Following the implementation of single-photon emission computed tomography ventilation/perfusion (SPECT V/Q) in our department, we previously carried out an observational study over the period 2011–2013 that showed the safety of SPECT V/Q to rule out pulmonary embolism (PE). However, PE prevalence (28%) was high compared with some studies. Our hypothesis was that the use of SPECT V/Q may be responsible for an overdiagnosis of PE, especially at the implementation phase of the test. The aim was to carry out a time trend analysis of the evolution over the years of PE diagnosis with SPECT V/Q.
Patients and methods
To evaluate the time trend of SPECT V/Q results, the conclusions of all SPECT V/Q scans performed for a suspected acute PE in our department from April 2011 to December 2016 were collected. To confirm the safety of a diagnostic management on the basis of SPECT V/Q to rule out PE, a retrospective observational study of the outcome of patients assessed with SPECT V/Q for suspected acute PE was carried out during the period 2014–2016. SPECT V/Q was interpreted using a diagnostic cutoff of one segmental or two subsegmental mismatches. The final diagnostic conclusion was established by the physician responsible for patient care. The safety of SPECT V/Q was assessed by monitoring the risk of thromboembolic events during the 3-month follow-up period in patients left untreated on the basis of a negative SPECT V/Q.

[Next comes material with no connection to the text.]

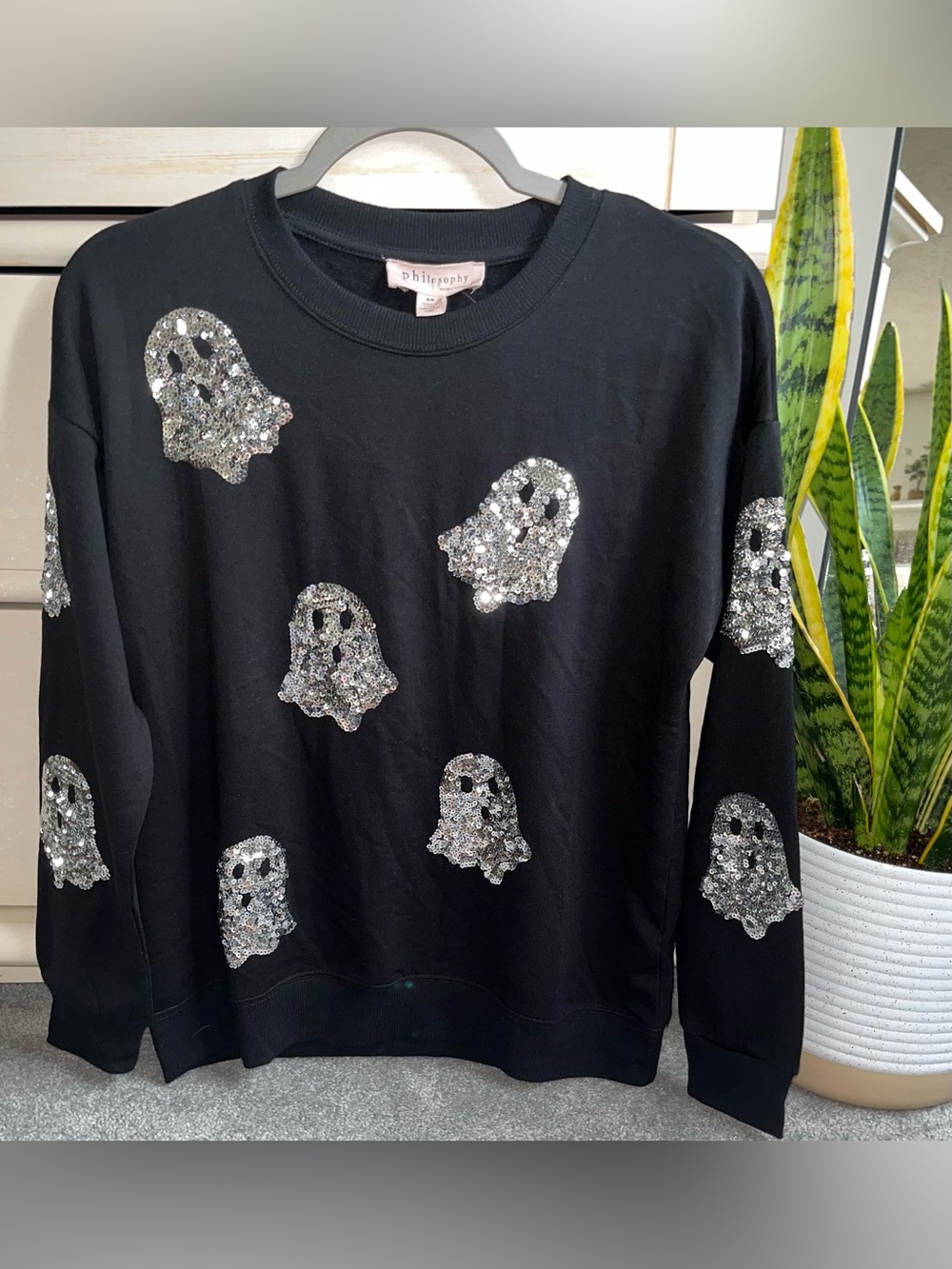 NWT  Philosophy Halloween Ghost Sweater S/P Slightly Oversized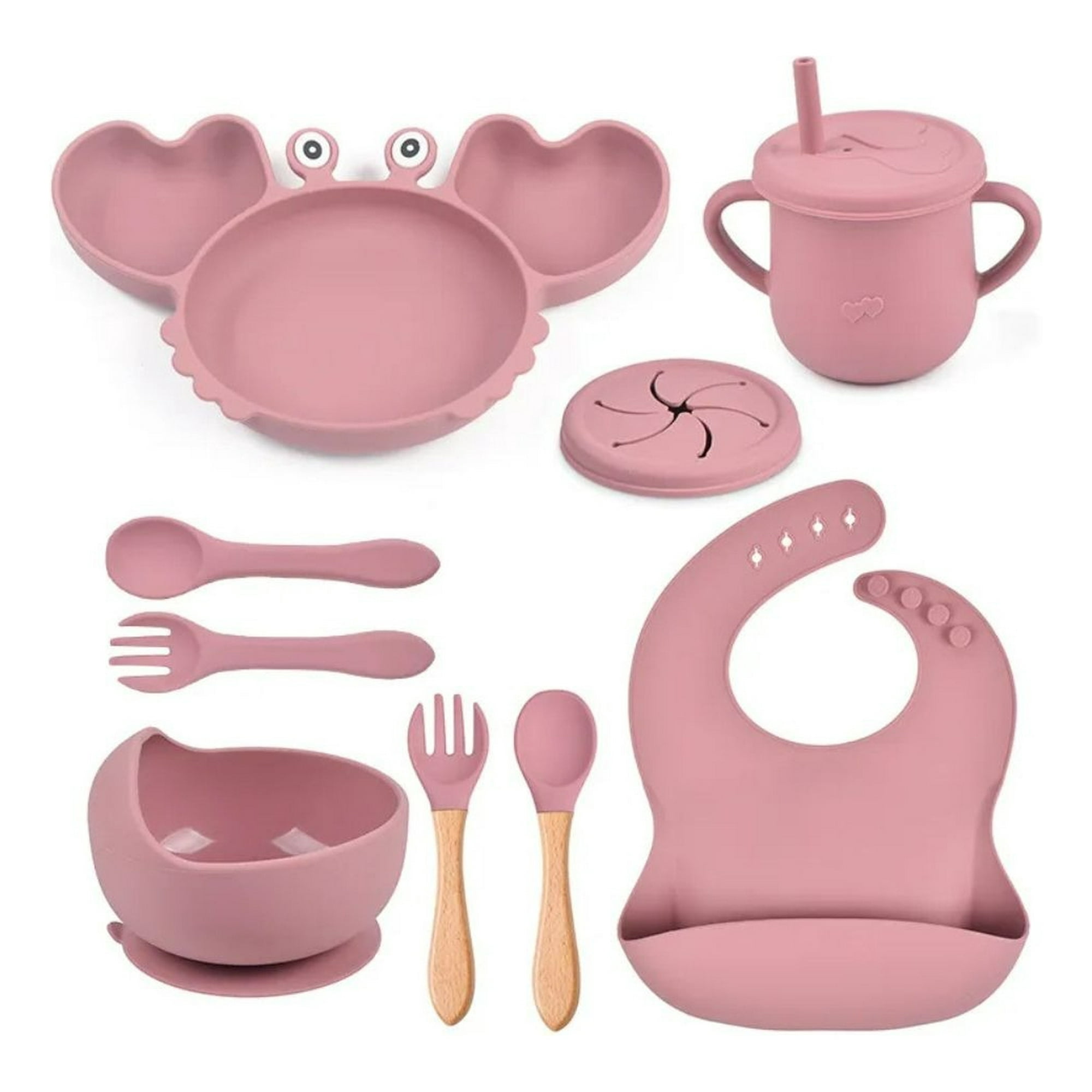 Genérico - Set Alimentacion Cangrejo Bebe 9 Pza Silicona Divertida Lau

Over the period 2011–2016, an average 16% (95% confidence interval: 10–22%) annual reduction in the proportion of positive SPECT V/Q results was observed. The percentage of positive SPECT V/Q results was 25.3% over the period 2011–2013 compared with 16.3% in 2014–2016 (P<0.0001). Out of the 696 patients analyzed over the period 2014–2016, the SPECT V/Q was positive, indeterminate, and negative in 118, 3, and 575 patients, respectively. The 3-month thromboembolic risk in patients in whom PE was deemed absent according to the SPECT V/Q was 3/543=0.55% (95% confidence interval 0.19–1.61).
A continuous decrease in the annual proportion of positive SPECT V/Q results was mainly observed while maintaining the safety of the test to rule out PE. Explanatory factors include the introduction of a combined SPECT/CT scan, increased experience and familiarity with the test, and an increased awareness of the risks and consequences of overdiagnosing PE.